History of search engines
   In the early days of the development of the Internet, its users were a privileged minority and the amount of information available was relatively small. Access was limited mainly to employees of various universities and laboratories who used it to access scientific information. In those days, the problem of finding information on the Internet was not nearly as critical as it is now.

   Site directories were one of the first methods used to facilitate access to information resources on the network. Links to these resources are grouped according to topic. Yahoo was the first project of its kind opened in April 1994. How many places in the Yahoo directory inexorably increased, the developers of Yahoo made searchable directory. Of course, it was not a search engine in its true form, because it was limited to the search of these sources who were placed in directory listings. It does not actively seek out resources and the concept of SEO is still accomplish.

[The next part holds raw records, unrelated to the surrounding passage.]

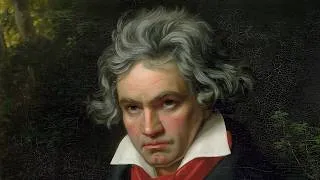 Thumbnail: Beethoven - 5th Symphony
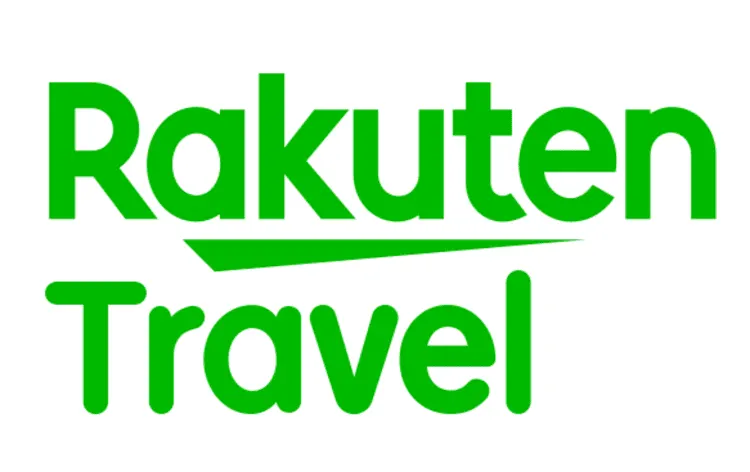 Shopback Rakuten Travel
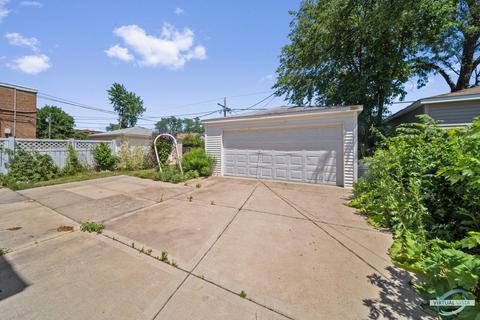 2235 S 25th Ave, Broadview, IL 60155 photo 11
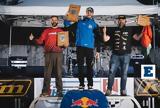 Ολοκληρώθηκε, Hellas Rally Raid, 2023,oloklirothike, Hellas Rally Raid, 2023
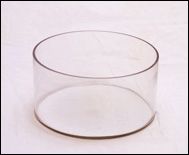 Pneumatic Throughs Pneumatic Throughs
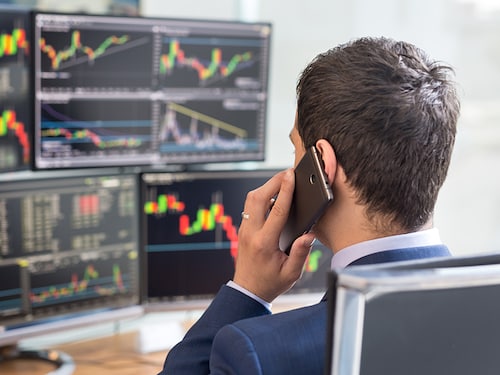 Forbes India Forbes India Image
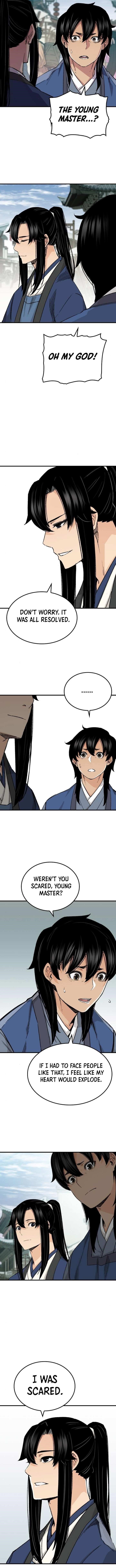 Chapter 62 (Image 6)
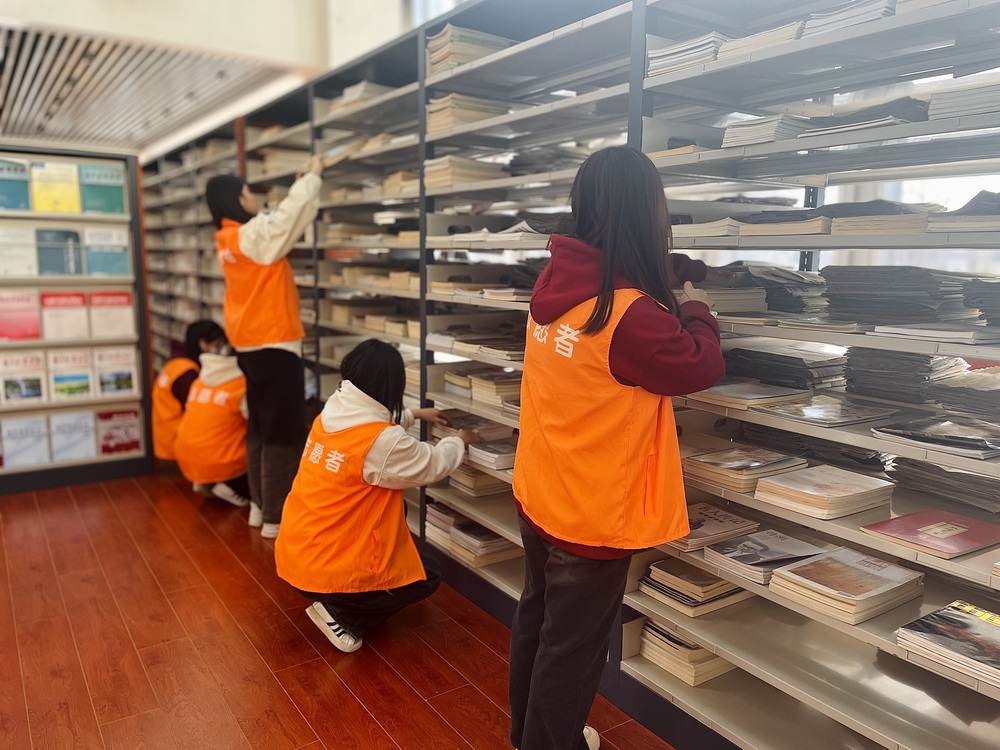 1701313886860003890.jpg 2_调整大小.jpg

   Such link directories are widely used in the past, but nowadays they have lost much of their popularity. The reason is simple - even modern directories with lots of resources only provide information on a small portion of the website. For example, large directory on the network is currently DMOZ (or Open Directory Project). It contains information on about five million resources. Compare this with the Google search engine database that contains more than eight billion documents.

   Project webcrawler began in 1994 and was the first full-featured search engine. Lycos and AltaVista search engines appeared in 1995 and for many years Alta Vista was the major player in this field.

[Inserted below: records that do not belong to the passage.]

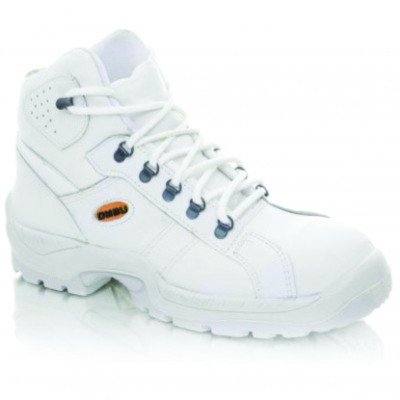 botin ozono 2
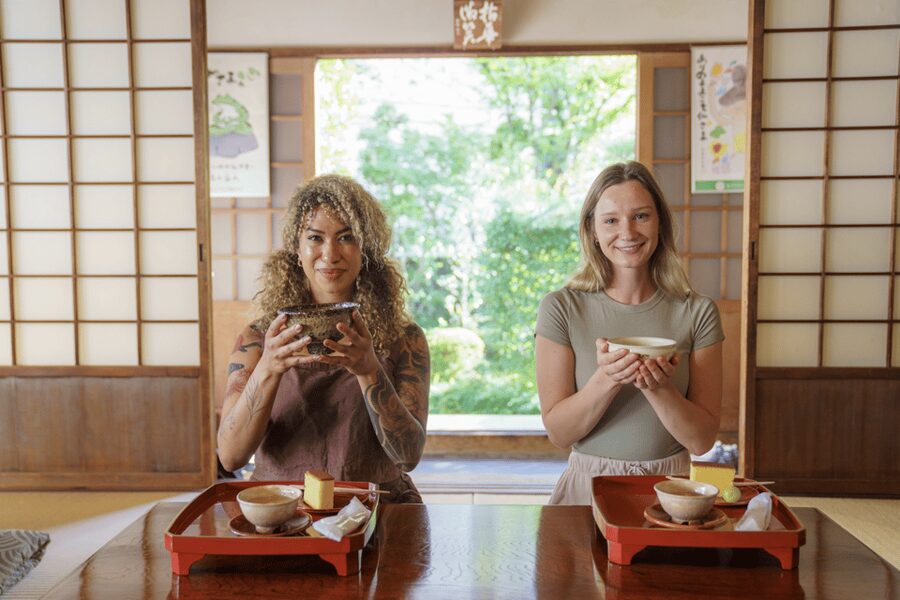 Tokyo: Private Customized 1 day Tour with Local Guides - How the time windows work, 1 to 8 hours, with walking at the center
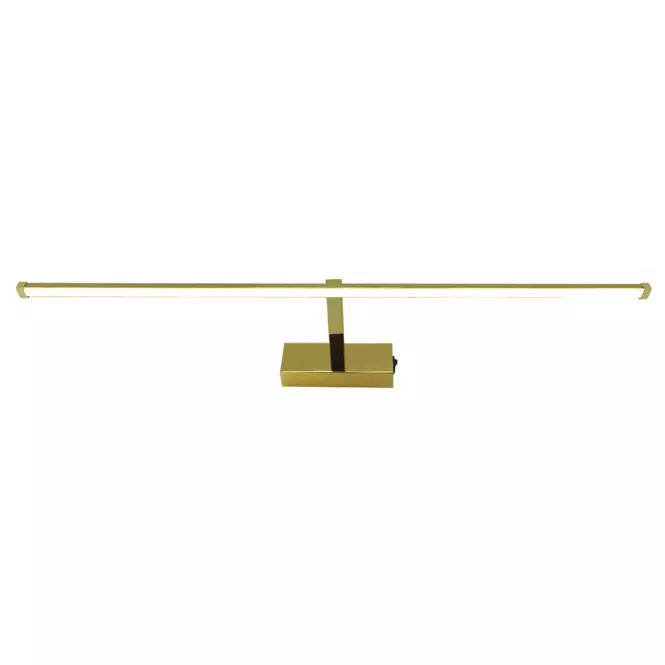 Svietidlo Santi 780 GD LED
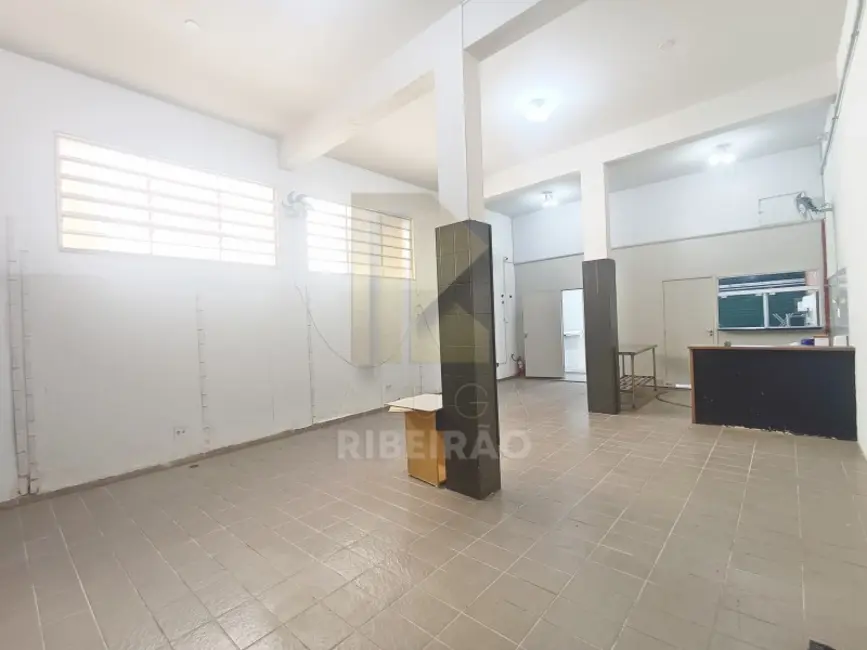 Sala Comercial com 1 quarto para alugar, 136m2 em Campos Elíseos, Ribeirao Preto - SP - imagem 9 Foto 9 de Sala Comercial com 1 quarto para alugar, 136m2 em Campos Elíseos, Ribeirao Preto - SP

   In 1997 Sergey Brin and Larry Page created Google as a research project at Stanford University. Google is now the most popular search engine in the world.

   Currently, there are three major international search engines - Google, Yahoo and MSN Search. They each have their databases and search algorithms. Many other search engines use results originating from these three major search engines and the same SEO expertise can be applied to all of them. For example, search engine AOL (search.aol.com) uses the Google database while AltaVista, Lycos and AlltheWeb all use the Yahoo database.